Content starts
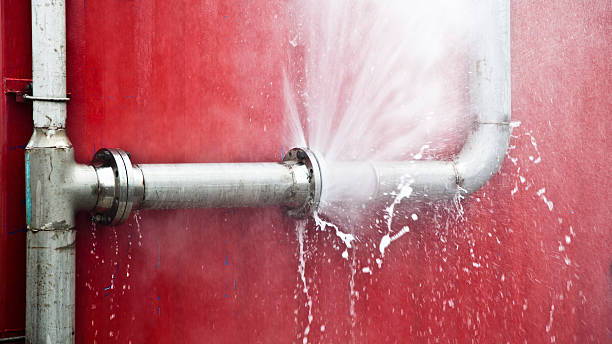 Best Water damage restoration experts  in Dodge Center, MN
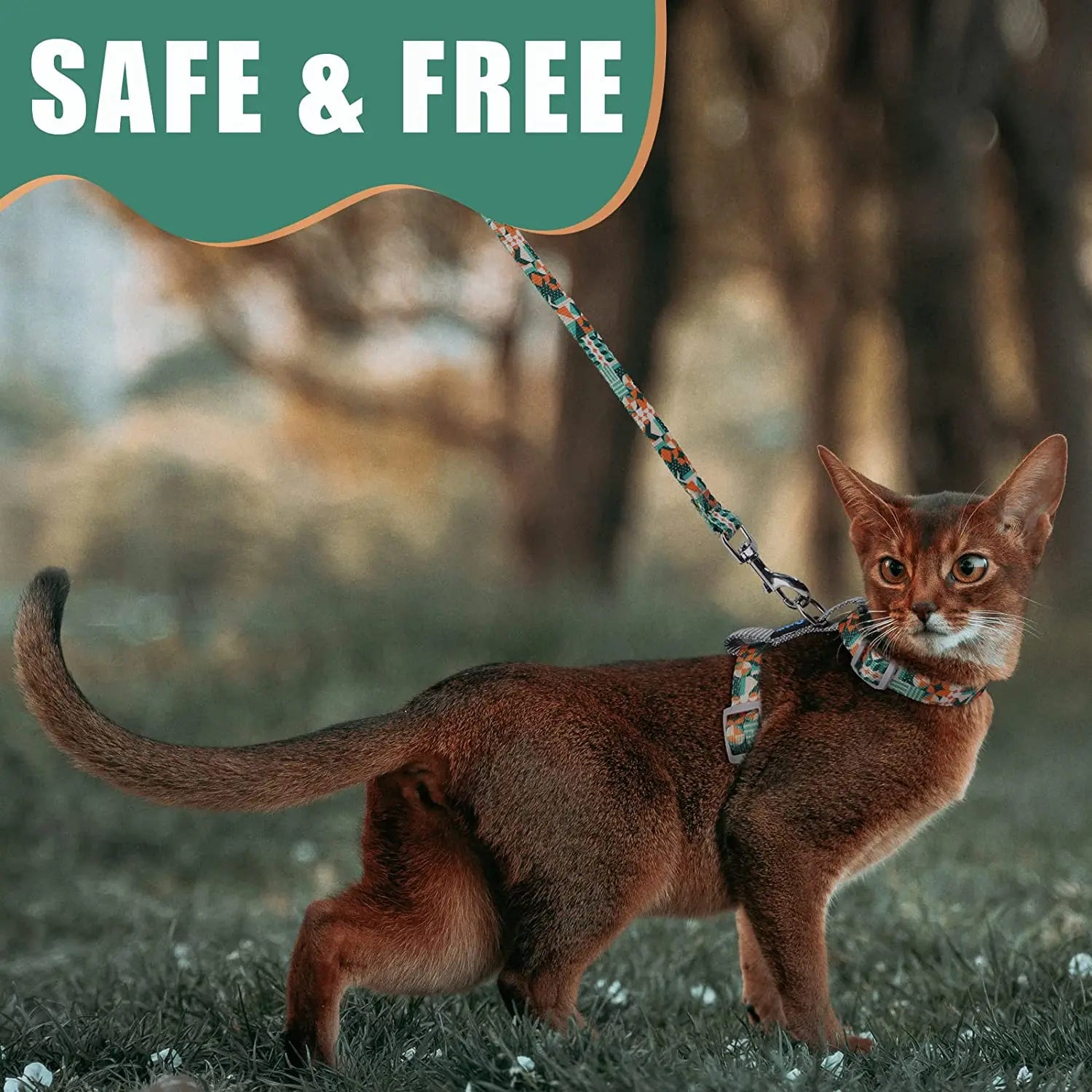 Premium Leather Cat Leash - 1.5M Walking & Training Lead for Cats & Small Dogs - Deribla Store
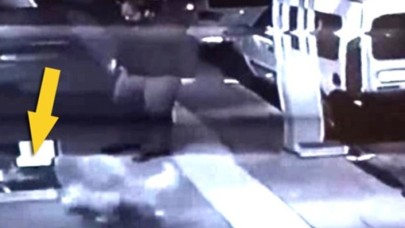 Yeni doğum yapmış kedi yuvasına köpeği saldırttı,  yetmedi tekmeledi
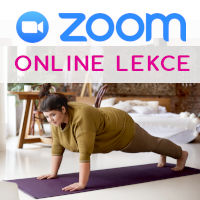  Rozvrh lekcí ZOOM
Content ends
Content starts
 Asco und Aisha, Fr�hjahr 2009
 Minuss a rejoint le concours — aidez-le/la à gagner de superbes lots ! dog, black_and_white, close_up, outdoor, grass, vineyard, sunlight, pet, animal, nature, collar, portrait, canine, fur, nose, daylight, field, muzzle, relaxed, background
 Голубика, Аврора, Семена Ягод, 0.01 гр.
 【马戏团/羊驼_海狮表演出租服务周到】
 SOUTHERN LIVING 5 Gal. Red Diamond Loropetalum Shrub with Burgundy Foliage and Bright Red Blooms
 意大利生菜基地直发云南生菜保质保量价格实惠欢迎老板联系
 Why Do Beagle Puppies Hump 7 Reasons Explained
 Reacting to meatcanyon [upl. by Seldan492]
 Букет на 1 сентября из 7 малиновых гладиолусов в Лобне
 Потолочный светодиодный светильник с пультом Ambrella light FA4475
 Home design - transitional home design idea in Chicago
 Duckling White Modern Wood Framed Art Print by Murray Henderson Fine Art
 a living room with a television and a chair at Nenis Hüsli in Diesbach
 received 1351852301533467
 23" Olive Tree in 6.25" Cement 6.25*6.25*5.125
Content ends
### Exercise prompt
Your answer should be the lines above, from the line containing "Голубика, Аврора, Семена Ягод, 0.01 гр." up to and including the line containing "Olive Tree in", reproduced exactly and with nothing else.

### Response to this task
 Голубика, Аврора, Семена Ягод, 0.01 гр.
 【马戏团/羊驼_海狮表演出租服务周到】
 SOUTHERN LIVING 5 Gal. Red Diamond Loropetalum Shrub with Burgundy Foliage and Bright Red Blooms
 意大利生菜基地直发云南生菜保质保量价格实惠欢迎老板联系
 Why Do Beagle Puppies Hump 7 Reasons Explained
 Reacting to meatcanyon [upl. by Seldan492]
 Букет на 1 сентября из 7 малиновых гладиолусов в Лобне
 Потолочный светодиодный светильник с пультом Ambrella light FA4475
 Home design - transitional home design idea in Chicago
 Duckling White Modern Wood Framed Art Print by Murray Henderson Fine Art
 a living room with a television and a chair at Nenis Hüsli in Diesbach
 received 1351852301533467
 23" Olive Tree in 6.25" Cement 6.25*6.25*5.125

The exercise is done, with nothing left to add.